Records contained in a dataset:
^^^^^^^^^^^^^^^^
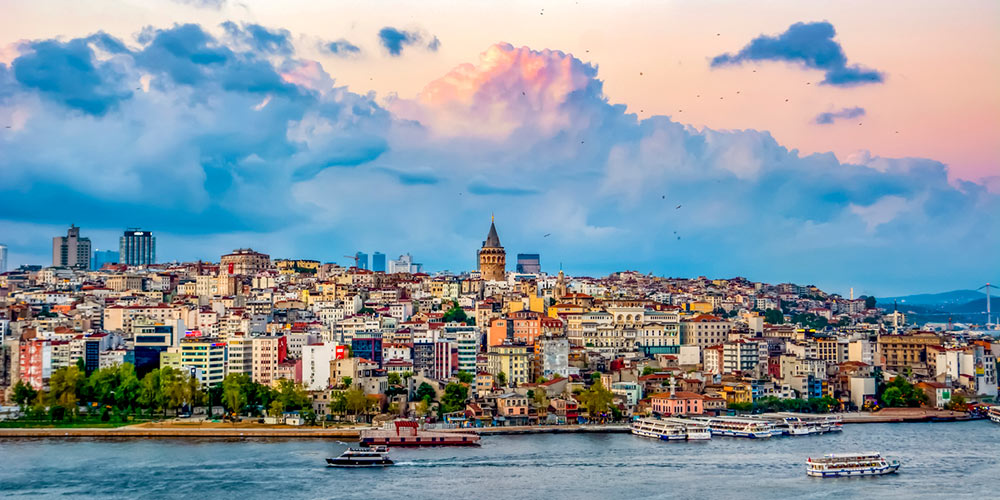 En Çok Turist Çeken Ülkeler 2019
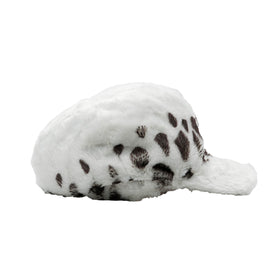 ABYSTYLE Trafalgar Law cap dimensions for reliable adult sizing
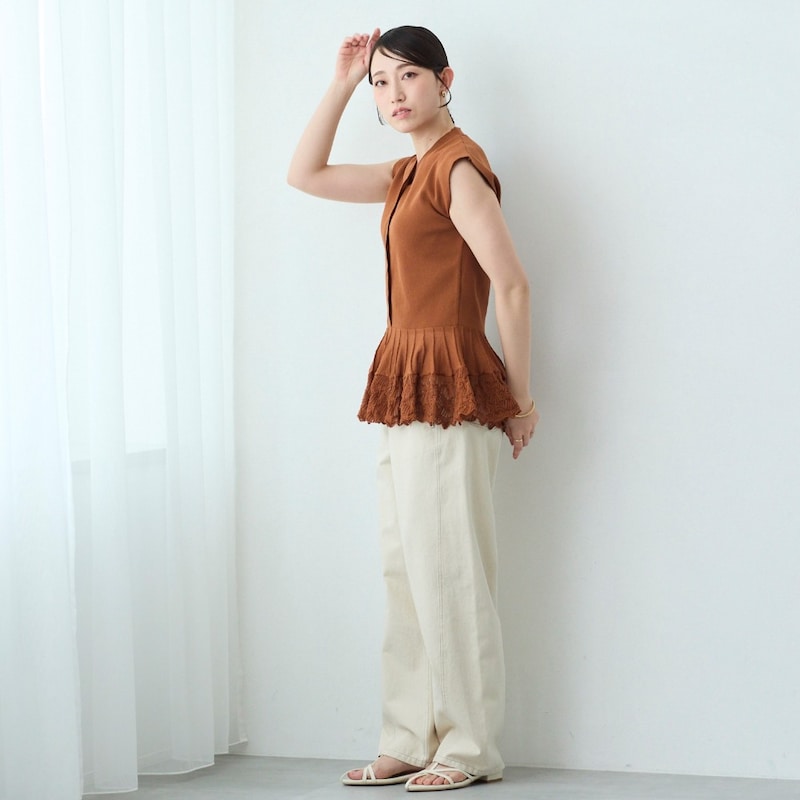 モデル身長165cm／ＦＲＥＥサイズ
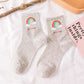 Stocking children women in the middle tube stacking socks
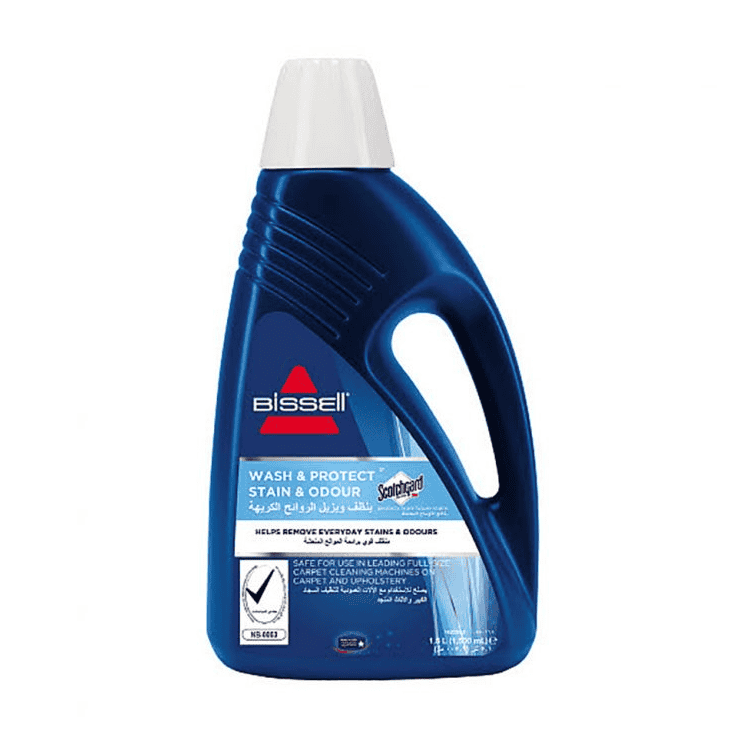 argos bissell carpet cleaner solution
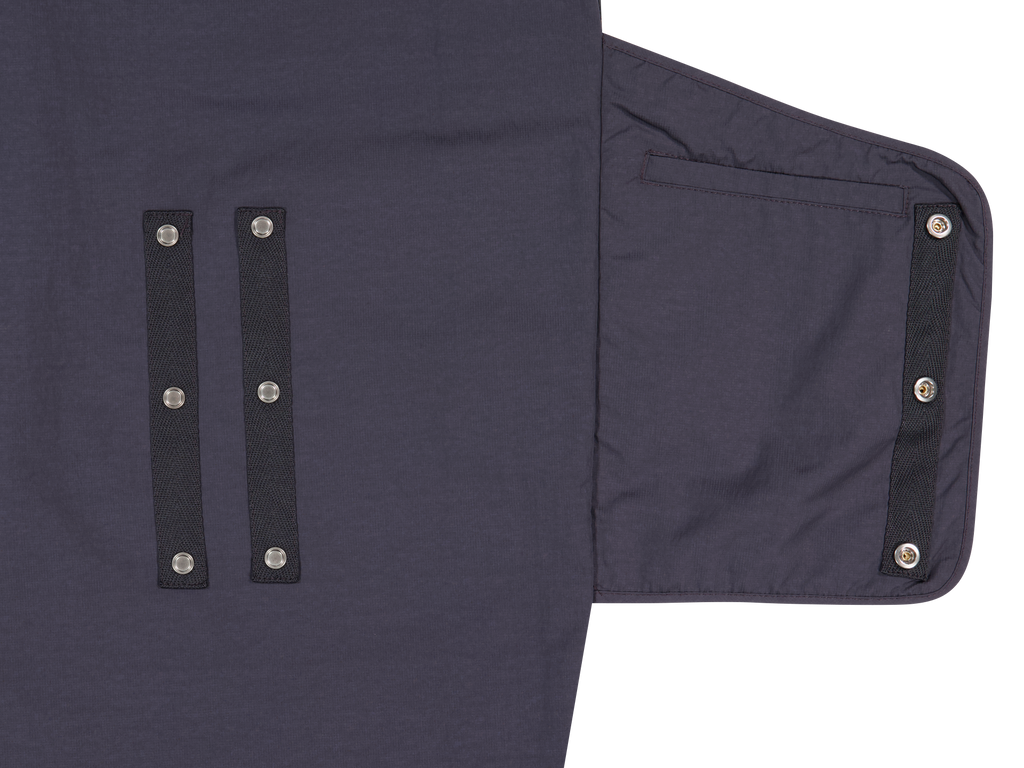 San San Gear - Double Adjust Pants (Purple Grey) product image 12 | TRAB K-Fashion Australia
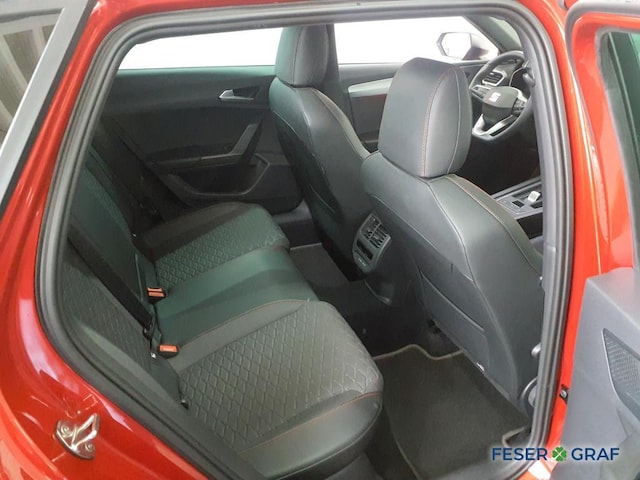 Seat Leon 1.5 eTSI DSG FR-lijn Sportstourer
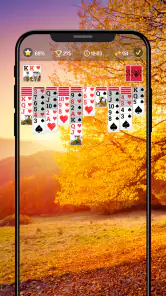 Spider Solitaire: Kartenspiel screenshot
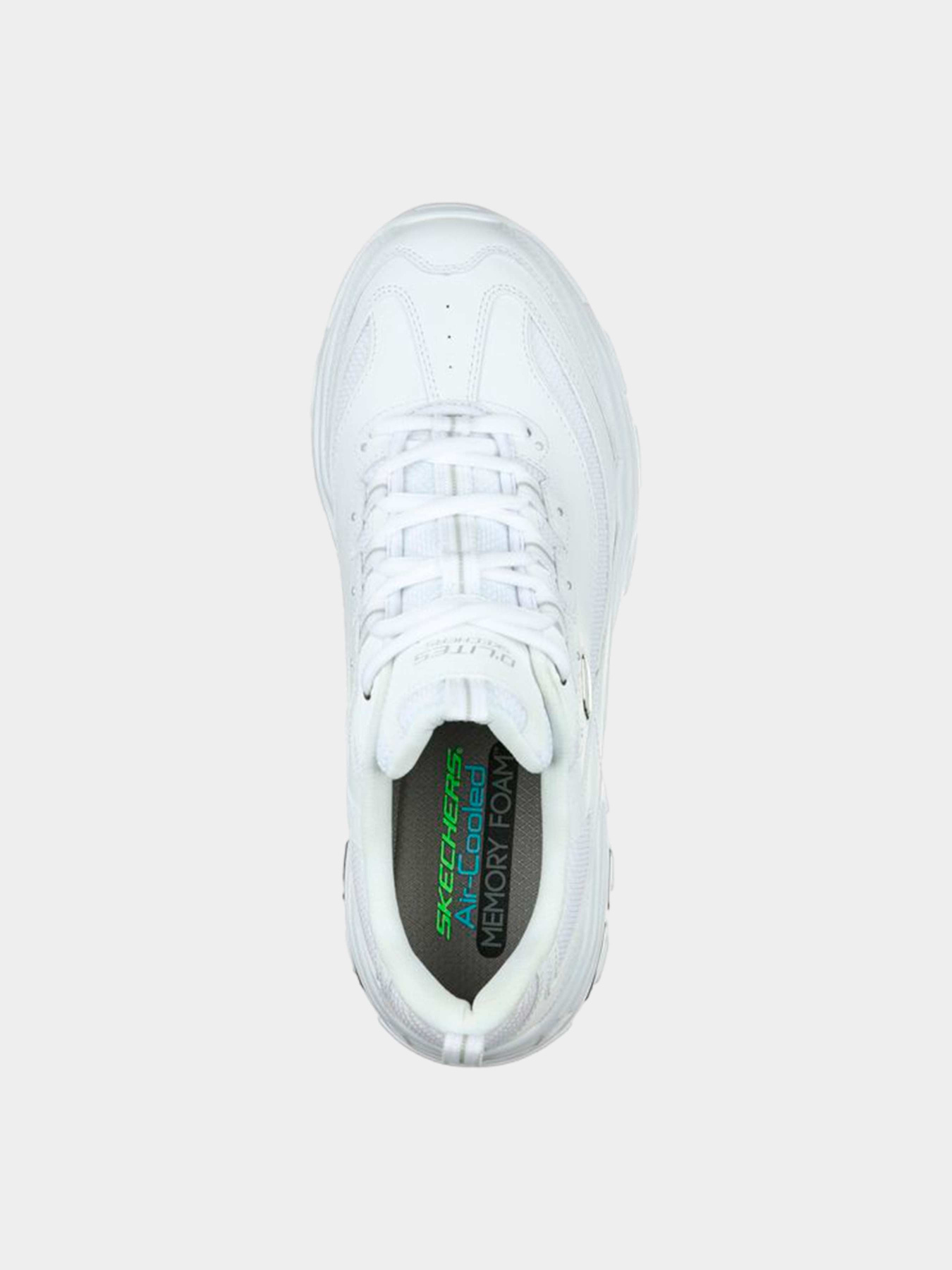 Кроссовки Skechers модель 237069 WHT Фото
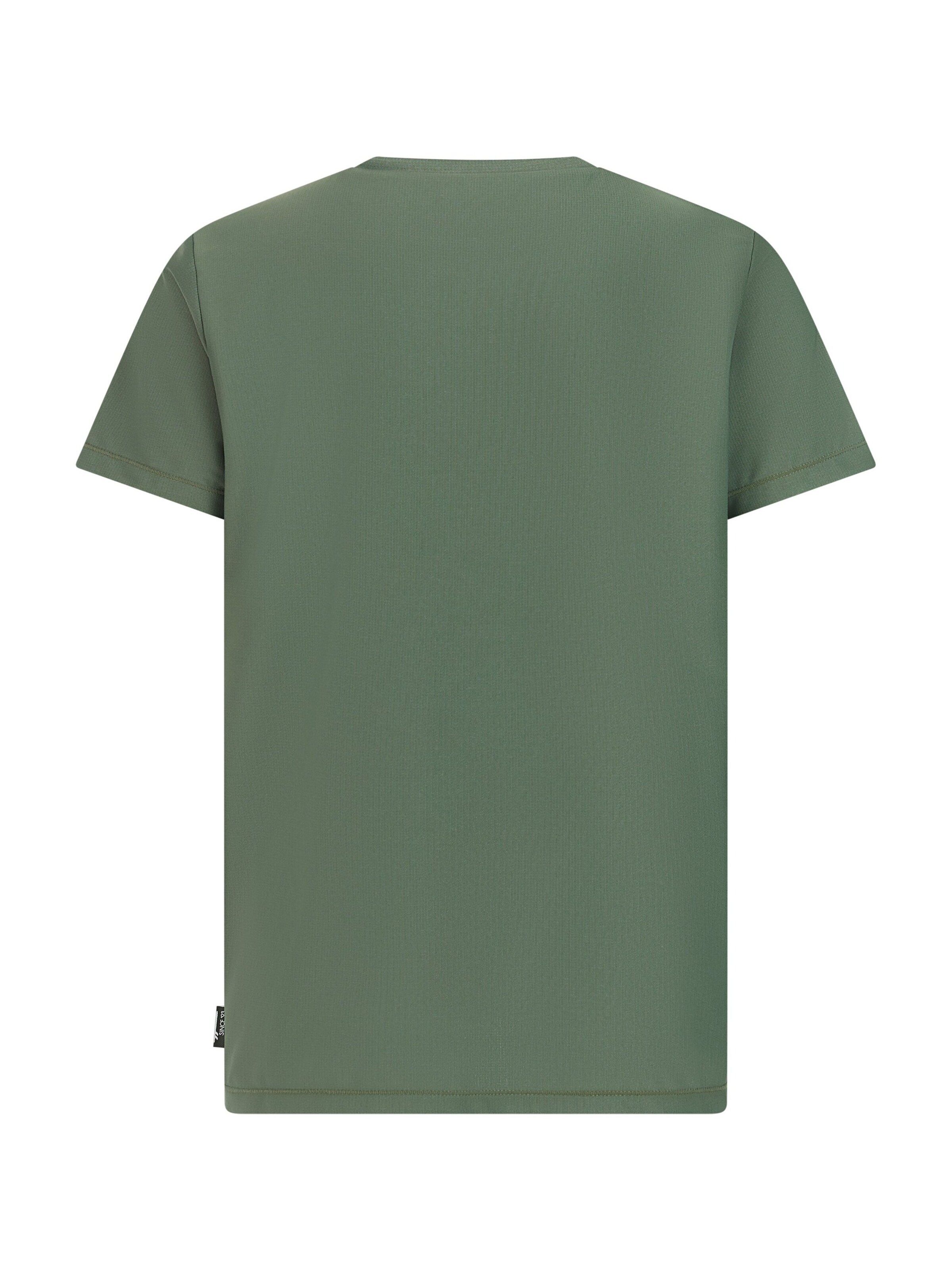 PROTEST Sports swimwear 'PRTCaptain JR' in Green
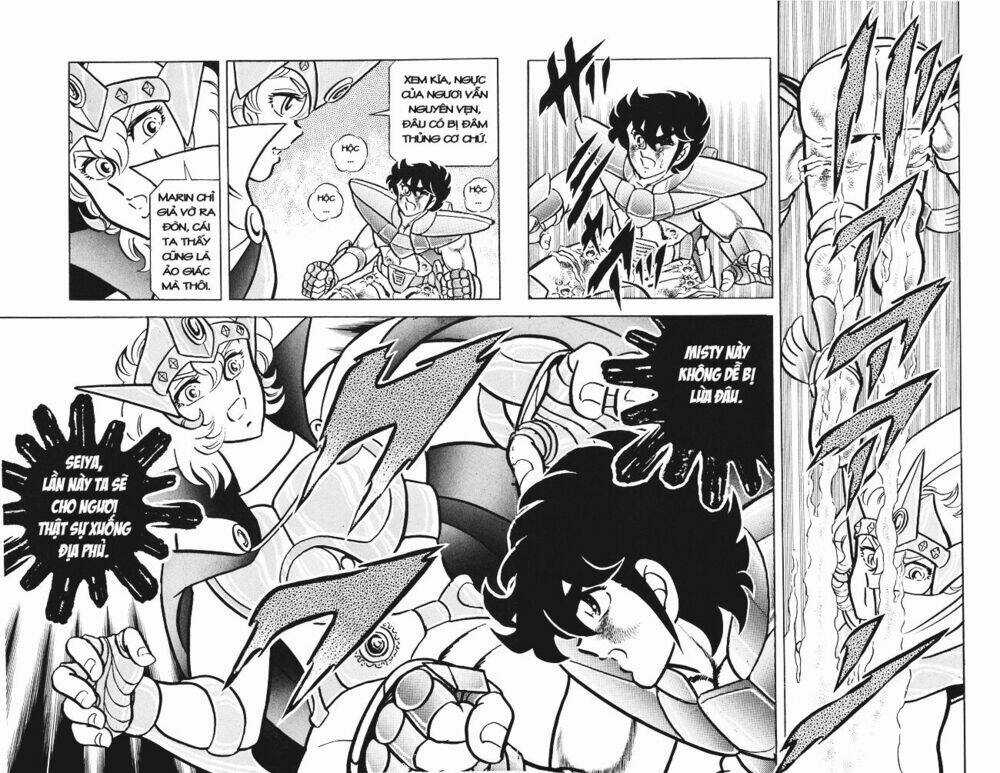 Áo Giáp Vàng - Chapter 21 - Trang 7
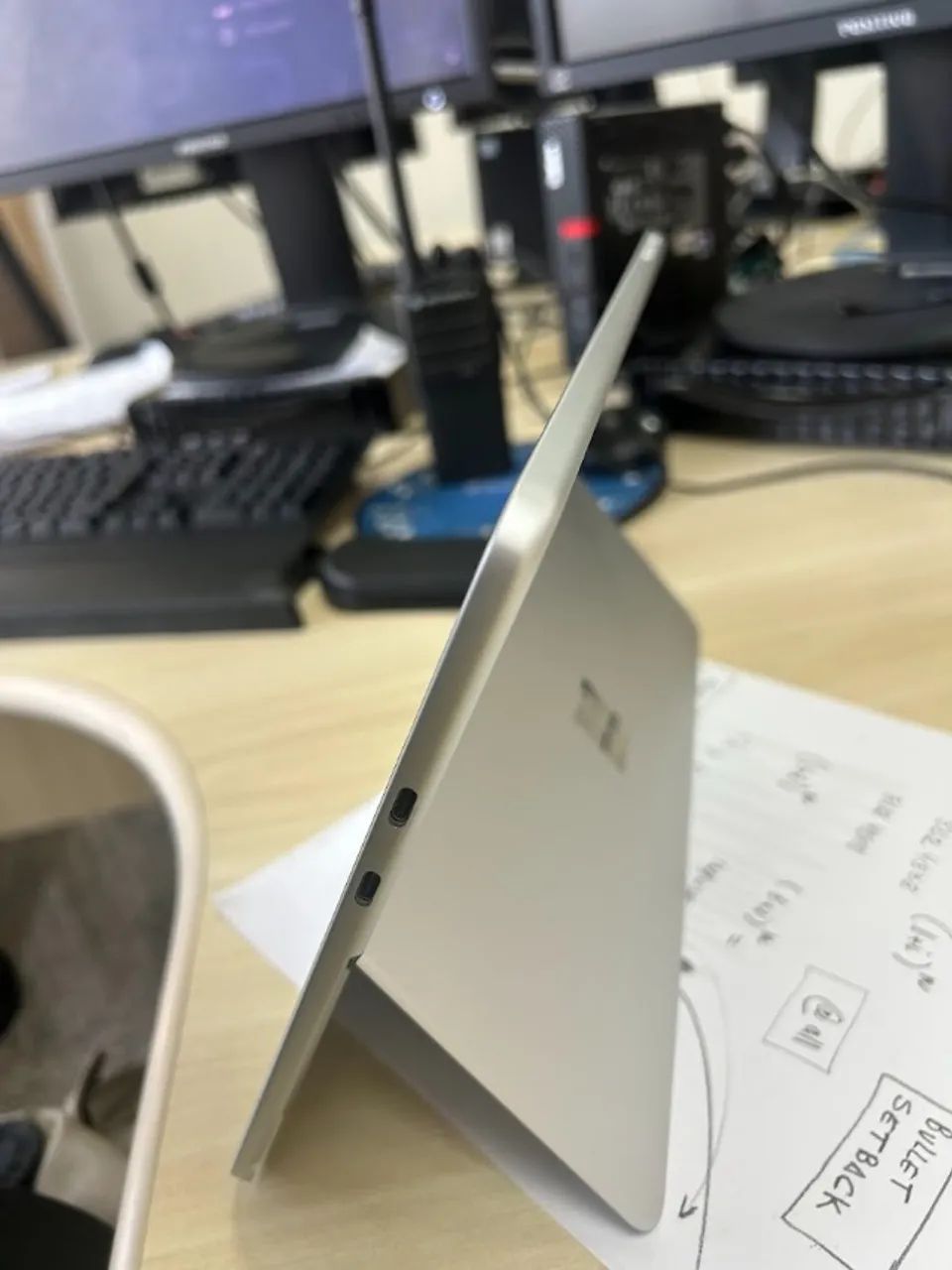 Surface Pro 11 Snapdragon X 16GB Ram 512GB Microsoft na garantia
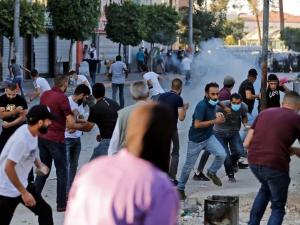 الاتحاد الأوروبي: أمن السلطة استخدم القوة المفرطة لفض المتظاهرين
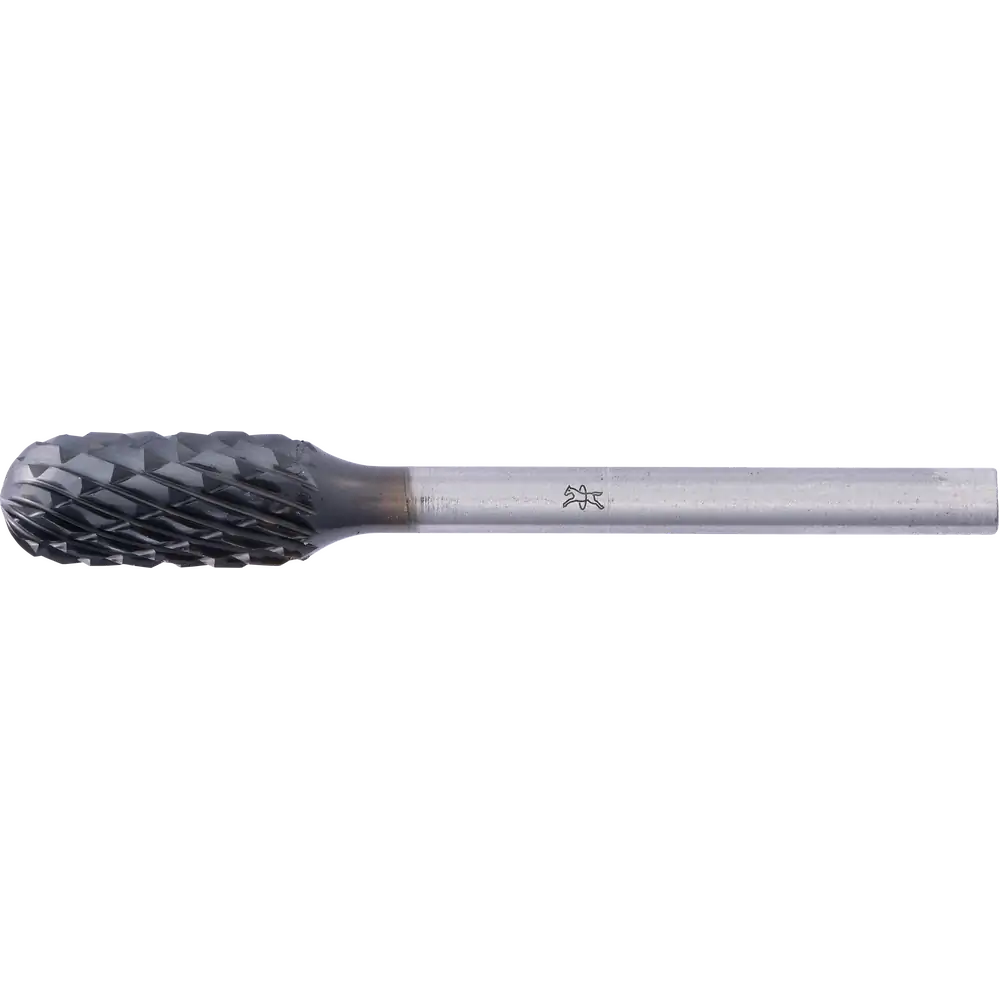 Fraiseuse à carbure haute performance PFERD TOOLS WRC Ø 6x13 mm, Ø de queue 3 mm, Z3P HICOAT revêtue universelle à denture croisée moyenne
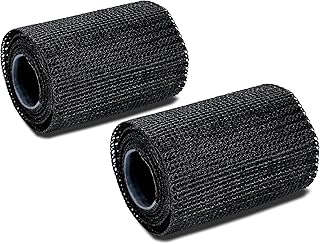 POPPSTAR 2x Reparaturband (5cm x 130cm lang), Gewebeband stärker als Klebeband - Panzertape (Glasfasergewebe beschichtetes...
^^^^^^^^^^^^^^^^
Prompt: Each record should be quoted exactly, with the images omitted.

Solution for this exercise:
 En Çok Turist Çeken Ülkeler 2019
 ABYSTYLE Trafalgar Law cap dimensions for reliable adult sizing
 モデル身長165cm／ＦＲＥＥサイズ
 Stocking children women in the middle tube stacking socks
 argos bissell carpet cleaner solution
 San San Gear - Double Adjust Pants (Purple Grey) product image 12 | TRAB K-Fashion Australia
 Seat Leon 1.5 eTSI DSG FR-lijn Sportstourer
 Spider Solitaire: Kartenspiel screenshot
 Кроссовки Skechers модель 237069 WHT Фото
 PROTEST Sports swimwear 'PRTCaptain JR' in Green
 Áo Giáp Vàng - Chapter 21 - Trang 7
 Surface Pro 11 Snapdragon X 16GB Ram 512GB Microsoft na garantia
 الاتحاد الأوروبي: أمن السلطة استخدم القوة المفرطة لفض المتظاهرين
 Fraiseuse à carbure haute performance PFERD TOOLS WRC Ø 6x13 mm, Ø de queue 3 mm, Z3P HICOAT revêtue universelle à denture croisée moyenne
 POPPSTAR 2x Reparaturband (5cm x 130cm lang), Gewebeband stärker als Klebeband - Panzertape (Glasfasergewebe beschichtetes...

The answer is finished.